With more than 15% of patients still dying of progressive lymphoma despite optimal use of primary chemotherapy and secondary HDC/HSCT there is a clear need to find effective new therapeutic agents. Gemcitabine is the most promising traditional type chemotherapeutic agent currently under investigation for Hodgkin’s lymphoma.^56–,61 In small series of heavily treated patients, an overall response rate of approximately 50% has been found with 10%–20% complete responses. Even more encouraging, 2 groups have found an overall response rate higher than 75% when gemcitabine was combined with cisplatin and a corticosteroid.^56,61 This promising new agent will need further testing and integration into combinations with standard or other novel agents to exert its ultimate impact in the management of Hodgkin’s lymphoma.

One of the most promising new types of treatment for lymphoma, in general, is targeted immunotherapy.
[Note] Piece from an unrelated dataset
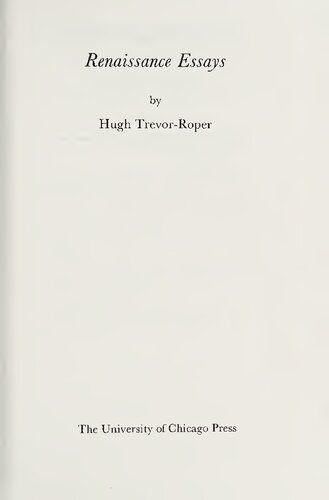 Renaissance Essays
The anti-CD20 monoclonal antibody rituximab has proven useful for several different types of B cell lymphomas. The nearly universal expression of CD20 on the neoplastic cells of LPHL suggests rituximab may be useful. Preliminary data from several small series show response rates exceeding 50%;^62–,66 however, the durability of these responses seems limited. Treatment with rituximab is attractive for this disease because of the lack of cumulative or late toxicity with this agent but will need to be integrated with conventional treatments to have a substantial impact.
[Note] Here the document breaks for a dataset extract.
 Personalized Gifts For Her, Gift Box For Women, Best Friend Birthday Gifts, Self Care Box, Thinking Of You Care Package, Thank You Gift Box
Efficacy of one type of targeted immunotherapy hints that others may also be useful. Monoclonal antibodies aimed at other B cell or lymphocytic antigens,⁶⁷ radio-immunoconjugates,⁶⁷ and immunotoxin molecules^67–,71 including bispecific antibodies and, eventually, tumor specific immunization strategies⁷² all hold promise. New immunotherapeutic approaches such as these hold substantial promise for Hodgkin’s lymphoma. However, because this disease is already so often cured, finding subjects for the testing of new agents is increasingly difficult. It would be unfortunate if this disease, which has served as a template for successful clinical research for more than three decades, were now to become neglected. Clinicians and clinical investigators should continue to work together to keep that from happening.